How to complete this task | In the data below, find the line containing "Guillermo Villanueva, con" and the line containing "nero ciottolo spiaggia", then reproduce them and every line between, exactly. Omit pictures.

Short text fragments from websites
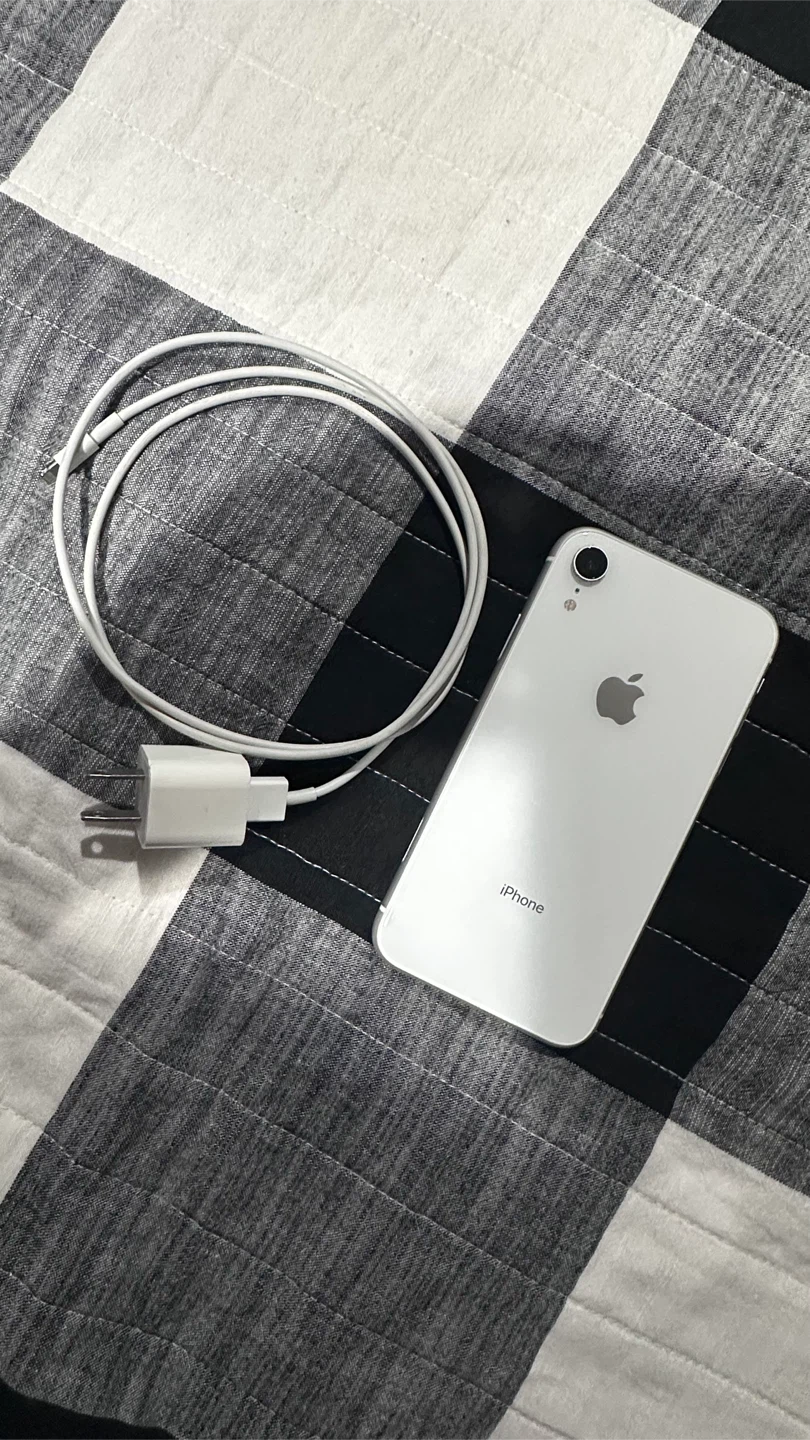 White iPhone XR 64GB Unlocked - photo 3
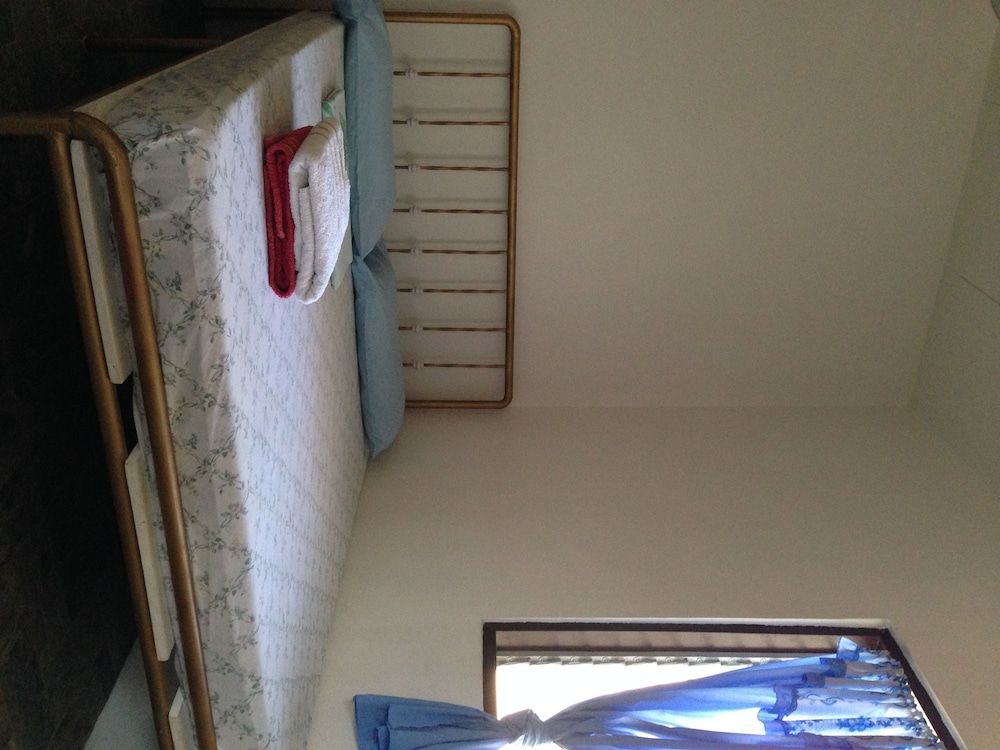 Lapu Lapu Cottages and Restaurant 2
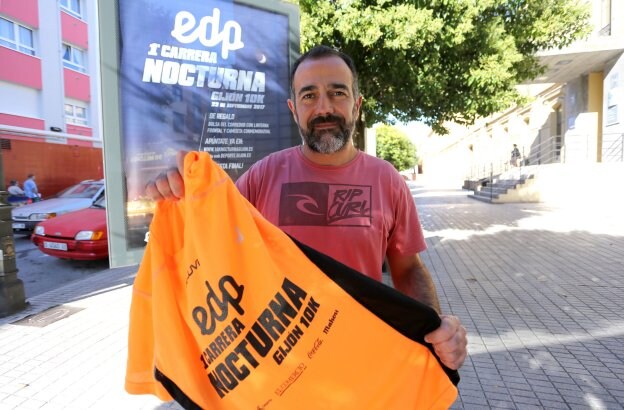 Guillermo Villanueva, con la camiseta de la prueba. 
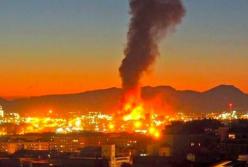 В Испании произошел мощный взрыв на нефтехимическом заводе (видео)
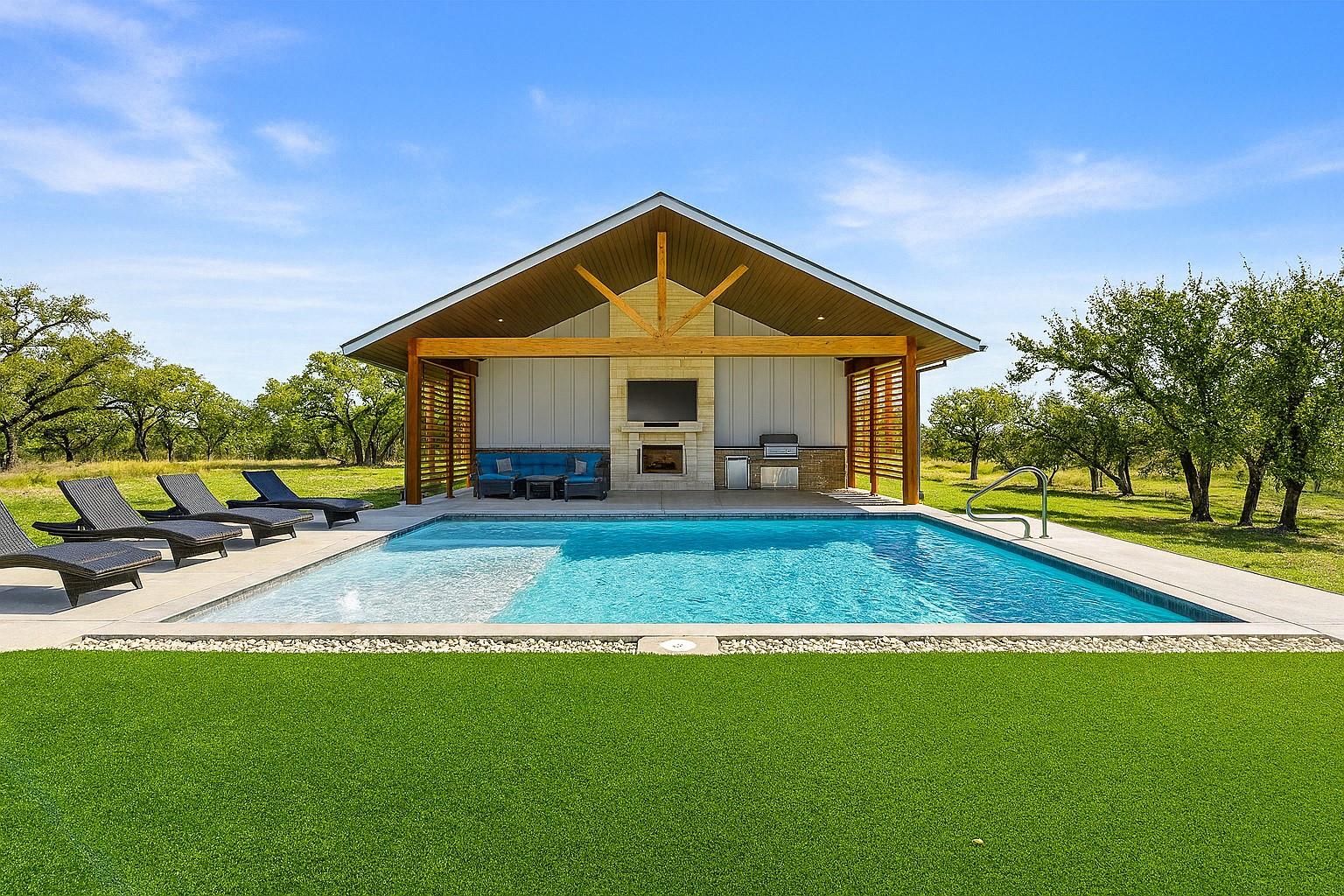 690 Cielo Springs Dr, Blanco, TX 78606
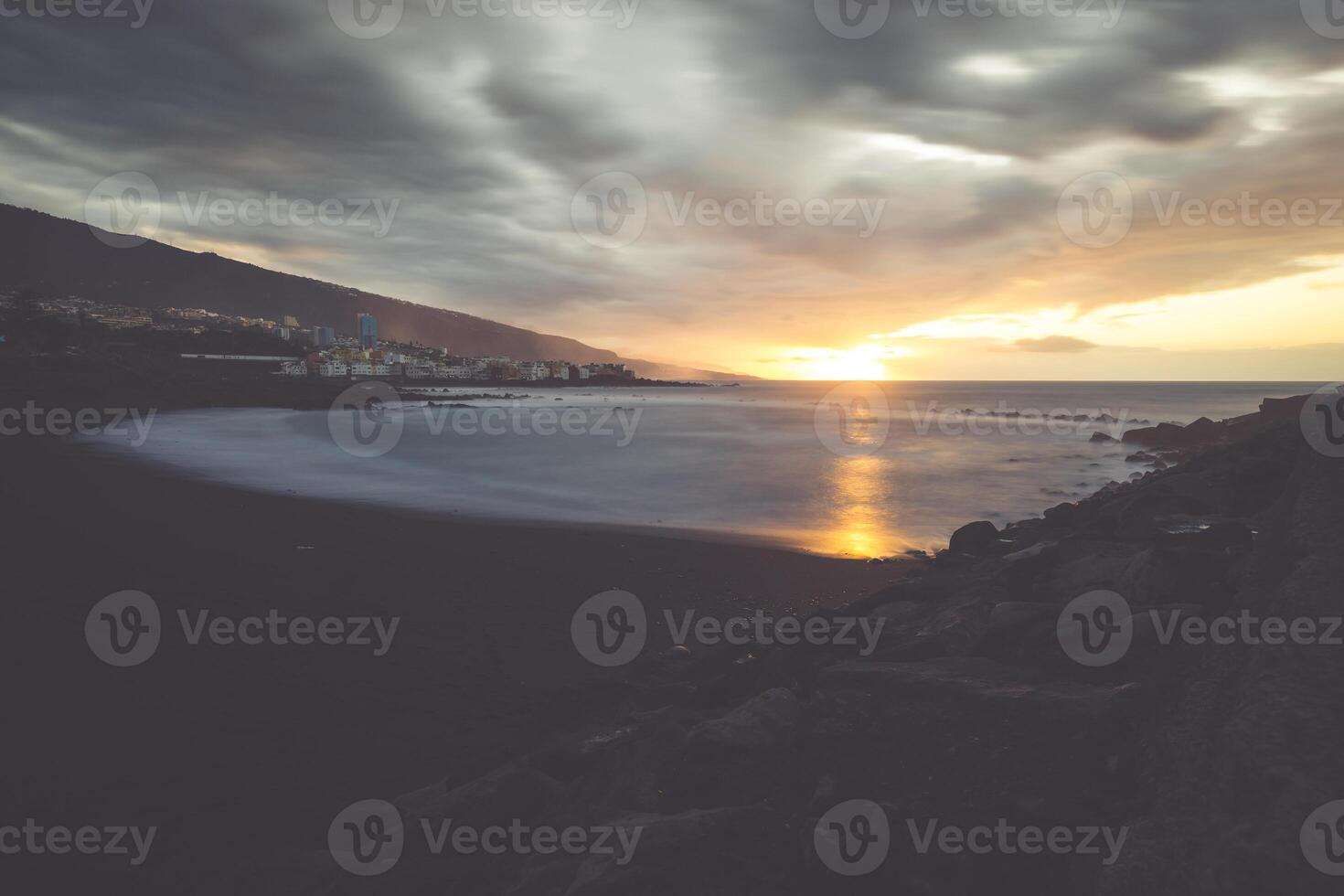 nero ciottolo spiaggia nel puerto de la Cruz di il tramonto , tenerife, canarino isole Spagna foto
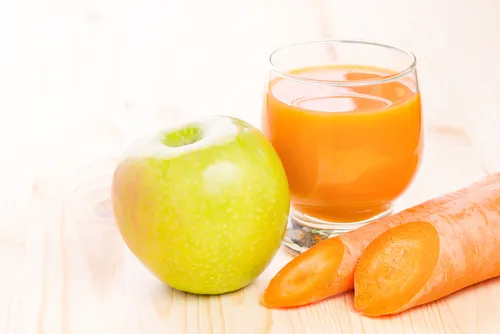 Licuado de zahanoria y manzana (remolacha opcional)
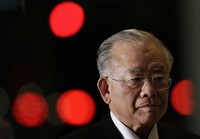 Foto files Menteri Jasa Keuangan Jepang, Tadahiro Matsushita. Belum diketahui detail bunuh diri yang dilakukan pejabat Jepang tersebut termasuk penyebab kematiannya. REUTERS/Toru Hanai/Files.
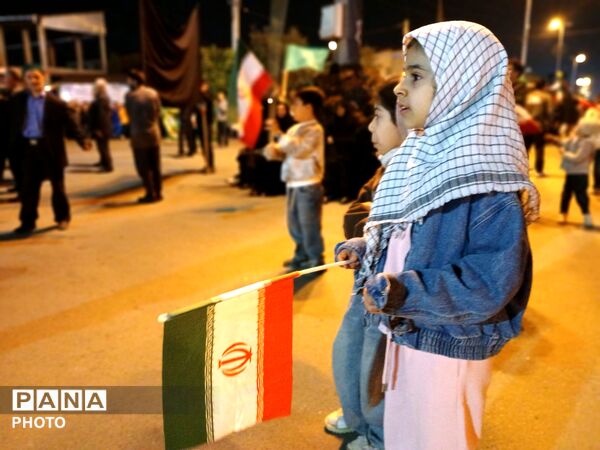 فرهنگیان و دانش آموزان گلستان همچنان پای میدان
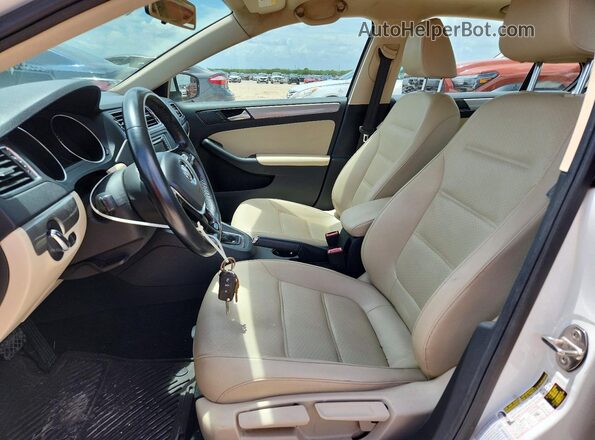 3VWDB7AJ6HM296028 2017 VOLKSWAGEN JETTA White Widok wnętrza z przodu
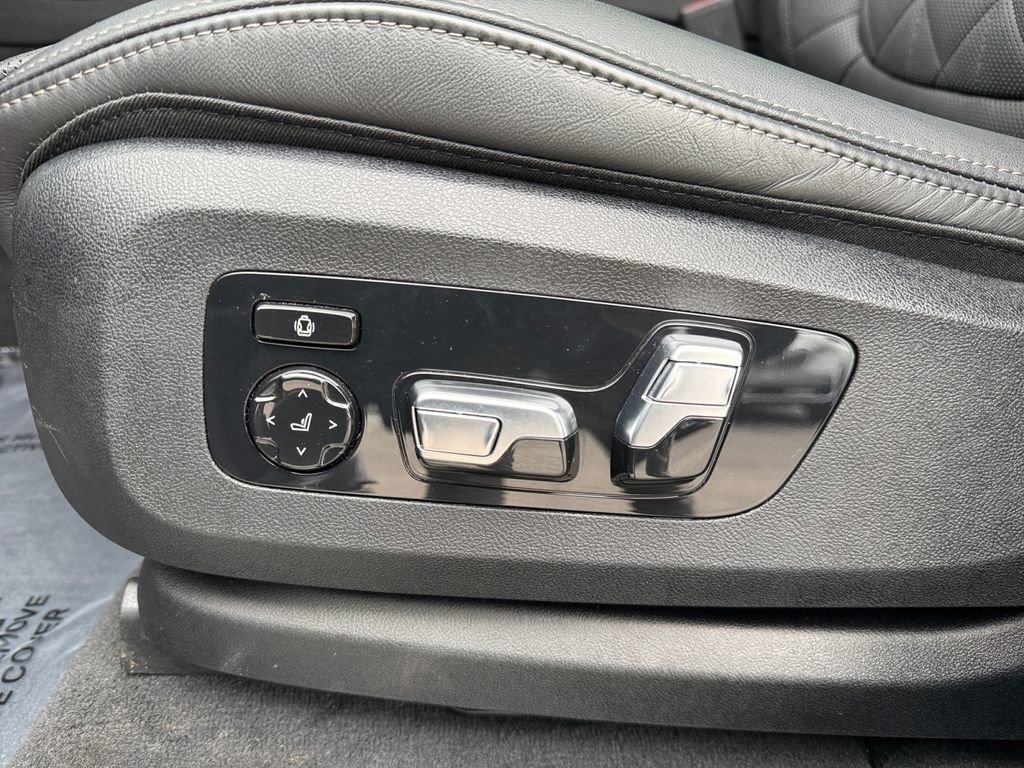 Certified 2024 BMW X7 xDrive40i w/ Executive Package image 35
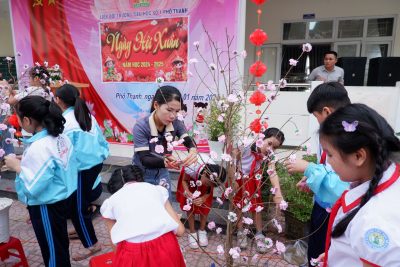 Tổ chức “Ngày Hội Xuân”.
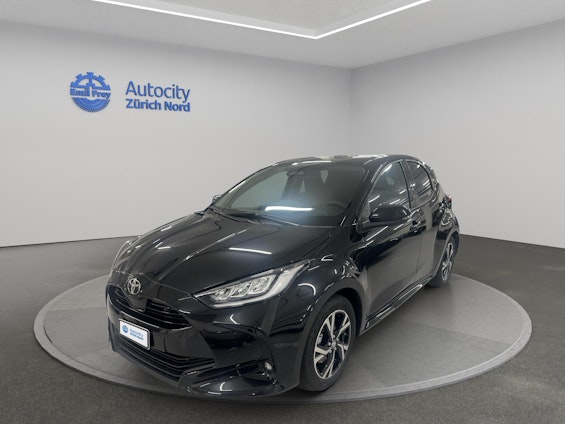 First vehicle image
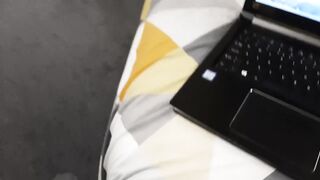 Stiefschwester erwischte mich beim Wichsen und fickte sie in den Arsch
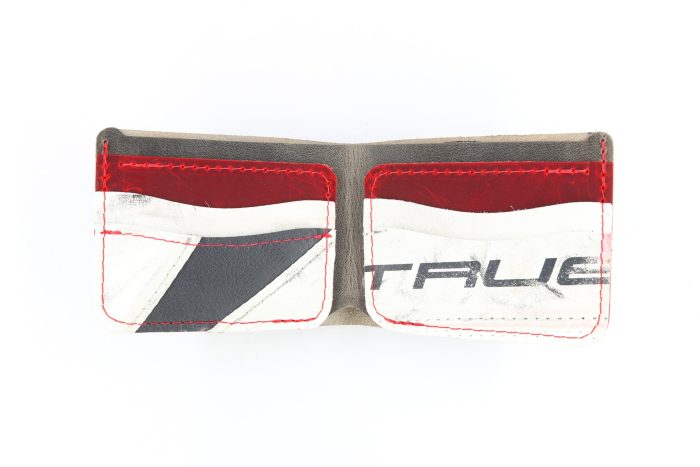 Las Vegas 6 Slot Bi-Fold Wallet
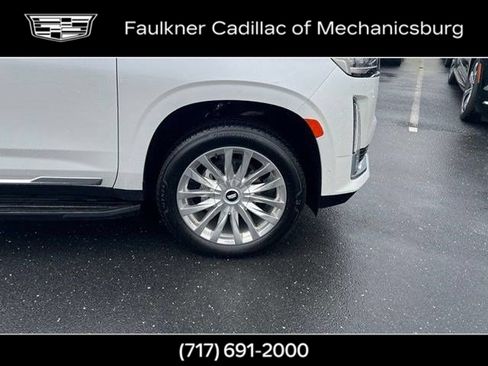 Used 2024 Cadillac Escalade ESV Premium Luxury AWD/4WD image 38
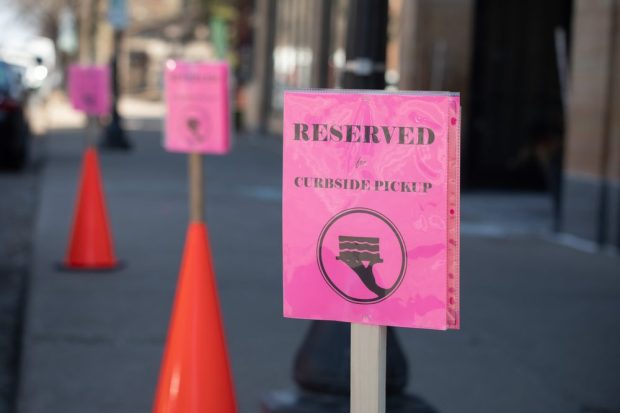 Curbside Pickup Pops 66% in US as Delivery’s Lead Erodes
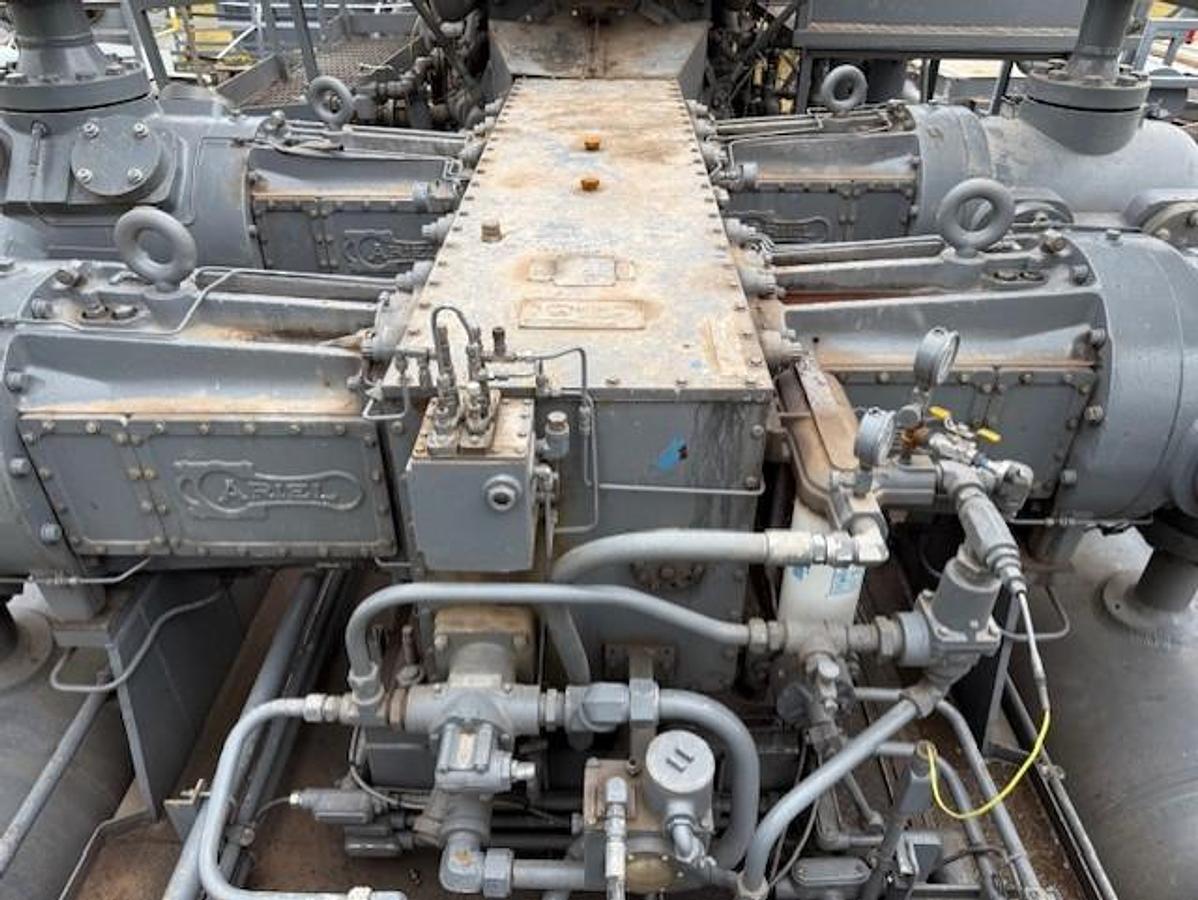 Used Waukesha L7042GSI / Ariel JGK-4 Two Stage Compressor Package SN F-13668 Size 9.125" x 9.125" x 6.25" x 6.25"  with 156FI Cooler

Answer to this task |
 Guillermo Villanueva, con la camiseta de la prueba. 
 В Испании произошел мощный взрыв на нефтехимическом заводе (видео)
 690 Cielo Springs Dr, Blanco, TX 78606
 nero ciottolo spiaggia nel puerto de la Cruz di il tramonto , tenerife, canarino isole Spagna foto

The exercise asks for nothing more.